──────── Given data ────────

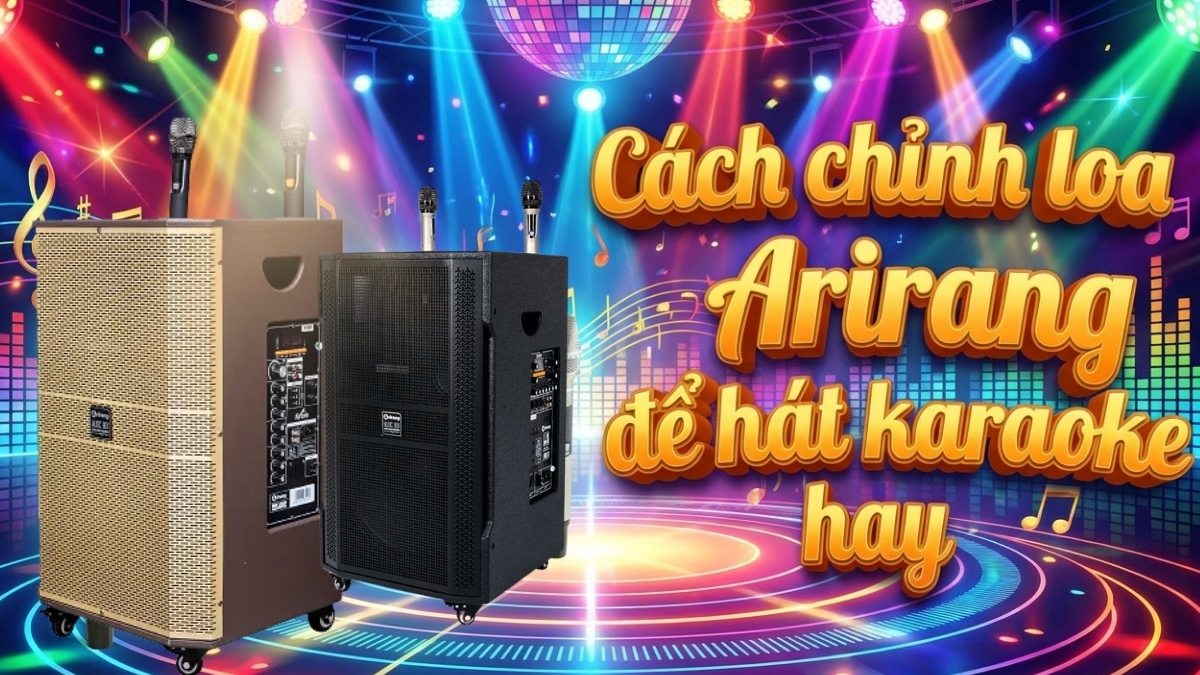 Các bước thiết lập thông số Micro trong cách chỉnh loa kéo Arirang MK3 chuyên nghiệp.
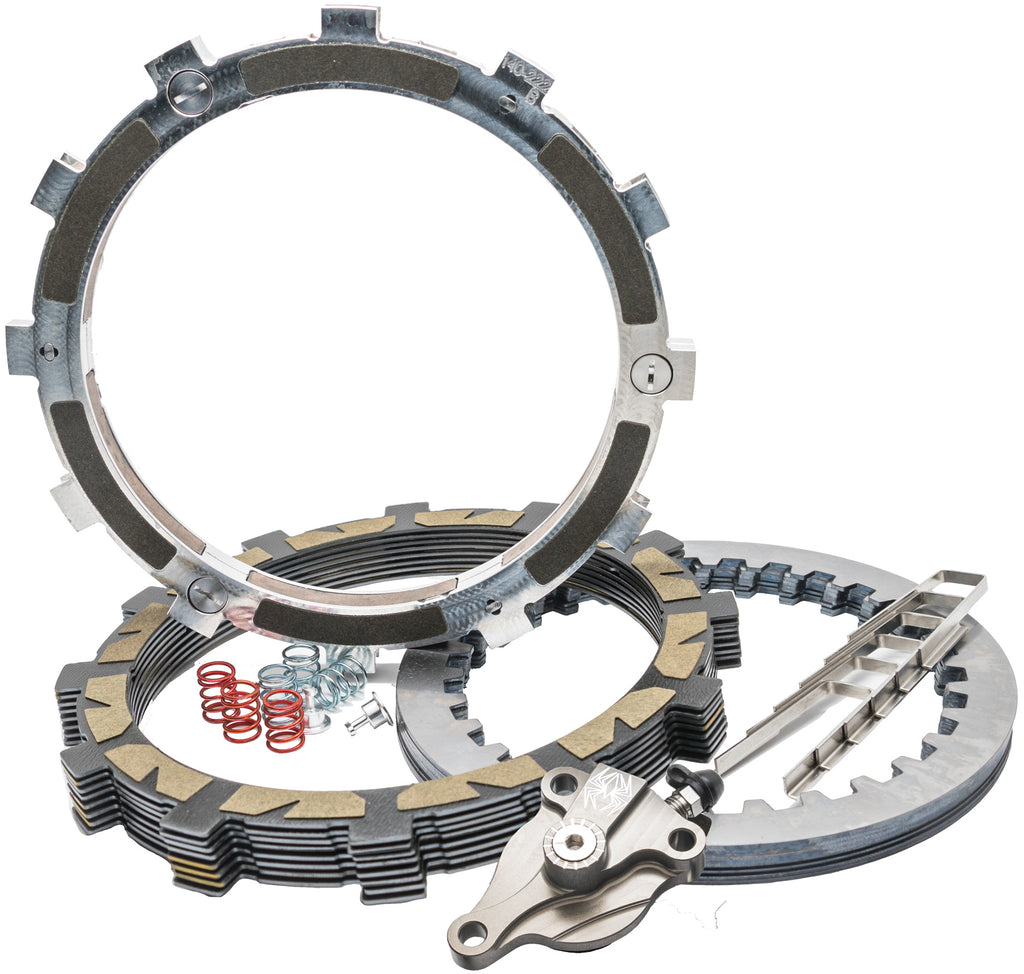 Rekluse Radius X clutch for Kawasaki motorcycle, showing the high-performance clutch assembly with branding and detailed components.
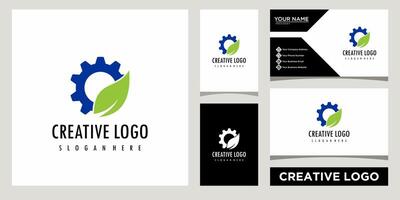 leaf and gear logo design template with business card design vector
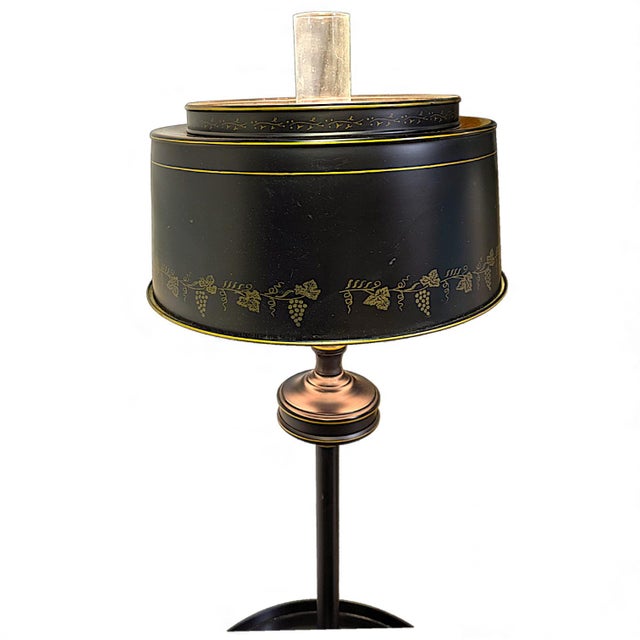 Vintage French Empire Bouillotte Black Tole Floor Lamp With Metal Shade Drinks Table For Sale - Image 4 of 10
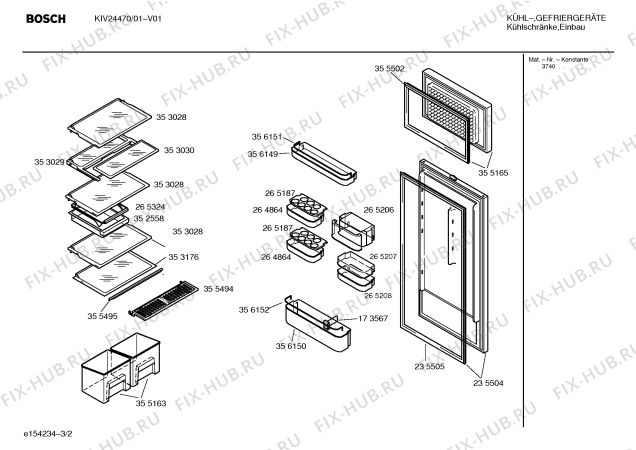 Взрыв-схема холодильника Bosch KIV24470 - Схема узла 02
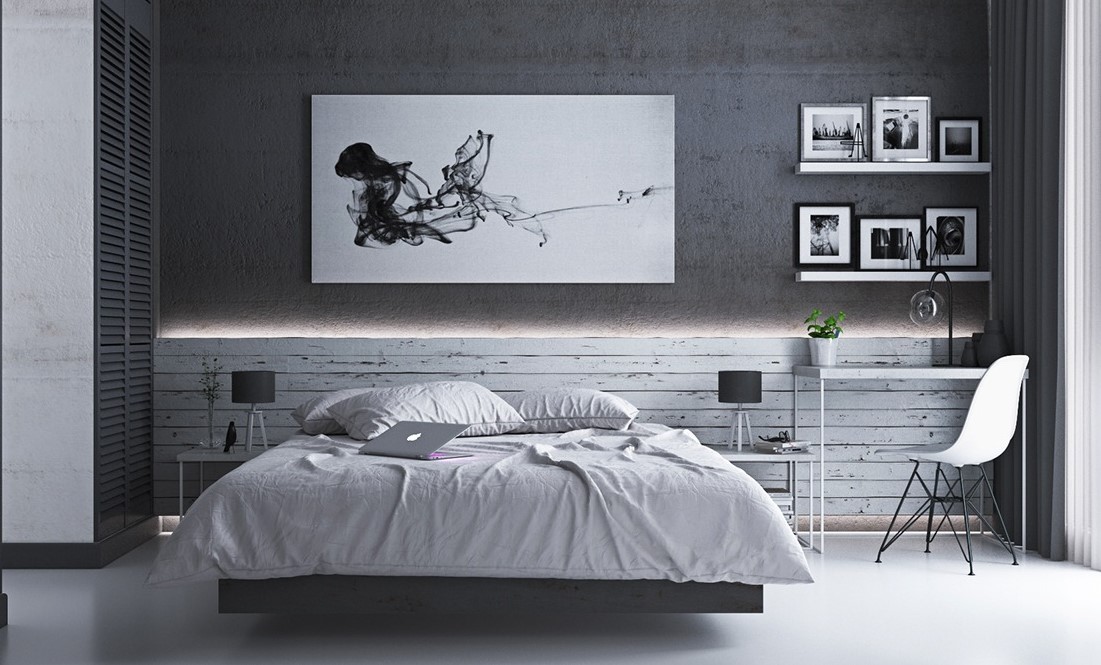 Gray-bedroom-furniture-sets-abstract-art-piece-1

────────

[Problem statement]: Line by line, restate the data above exactly as it stands, minus the pictures.

[Solution for this problem]:
 Các bước thiết lập thông số Micro trong cách chỉnh loa kéo Arirang MK3 chuyên nghiệp.
 Rekluse Radius X clutch for Kawasaki motorcycle, showing the high-performance clutch assembly with branding and detailed components.
 leaf and gear logo design template with business card design vector
 Vintage French Empire Bouillotte Black Tole Floor Lamp With Metal Shade Drinks Table For Sale - Image 4 of 10
 Взрыв-схема холодильника Bosch KIV24470 - Схема узла 02
 Gray-bedroom-furniture-sets-abstract-art-piece-1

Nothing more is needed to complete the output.